In the example you cite, if the alternative is true then $F\ne G$ but that is not enough to compute $\beta.$ In this problem, suppose we want to detect a difference between F=exponential mean 1 and G=exponential with mean 5. With these $F,G$ as the population cdfs then we need to find the probability of rejecting $F=G$ using our particular test. That is the power $1-\beta.$ If that is an important difference to detect if it is true in this example then we want $1-\beta = 0.95$ or higher. Select the sample size to do that. (Might have to be done by simulation.) This will then fix the $\beta$ values for all other types of alternative hypotheses.

So in summary the power function of the hypothesis test is what you are looking for. There is no further "reject\do not reject" decision.

P.S. The interpretation of $0.83$ is not correct:

"83% chance that they are from the same distribution when we say they are not." That is (almost) the statement of a Type II error probability. The correct interpretation is: if we had used $\alpha \gt 0.83$ then we would have Rejected the null hypothesis. Or it is the probability of getting a sample result more extreme (more favorable to the alternative) than the result we actually obtained.

7
On

I do not think that a null hypothesis should ever be accepted. Either the null hypothesis is rejected or you fail to reject it. Which error you want to minimize determines how readily you are going to reject the null hypothesis.

Essentially, we are assuming the null hypothesis and seeing if there is enough information to reject it. There's a fairly detailed discussion on Minitab's website.
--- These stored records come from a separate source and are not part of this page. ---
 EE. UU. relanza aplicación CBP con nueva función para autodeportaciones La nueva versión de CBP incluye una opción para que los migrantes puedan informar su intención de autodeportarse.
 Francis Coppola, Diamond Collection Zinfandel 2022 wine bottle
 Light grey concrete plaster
Wikipedia actually gives a great example: $h_0$ is innocence. In this country, we work on "innocent until proven guilty" so you want to minimize rejection of $h_0$.

3
On

You definitely do not want to accept a null hypothesis - i said that at a conference once and a bunch of statisticians slashed my tires.

Consider:

$H_o$: $\mu_1 - \mu_2 = 0$

$H_a$: $\mu_1 - \mu_2 \ne 0$

A Type I Error is to Reject $H_o$ but $H_o$ is True; a Type II Error is to Not Reject $H_o$ but $H_o$ is Not True. A Probability value, the weight of evidence against the null hypothesis (the smaller the probability value, the more evidence against the null hypothesis), is also called the observed significance level $\alpha$, the probability of a Type I error. We reject the null hypothesis if the probability value is less than or equal to the desired significance level; a probability value = 0.83 is Not less than or equal to a Type I Error rate $\alpha = 0.05$, hence our conclusion would be to fail to reject the null hypothesis.
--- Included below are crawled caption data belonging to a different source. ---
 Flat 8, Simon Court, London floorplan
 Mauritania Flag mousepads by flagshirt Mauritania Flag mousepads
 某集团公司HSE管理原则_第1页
The probability of a Type II Error is a function of the values under the alternative hypothesis $H_a$. Generally, we evaluate the costs of a Type I and a Type II Error. Next, if the cost of a Type I error is relatively more costly than a Type II Error, then we choose a lower $\alpha$ Type I Error rate (say, $\alpha = 0.01$), which results in a higher chance of making a Type II Error. On the other hand, if the cost of a Type I error is relatively less costly than a Type II Error, then we choose a Higher $\alpha$ Type I Error rate (say, $\alpha = 0.10$), which results in a lower chance of making a Type II Error.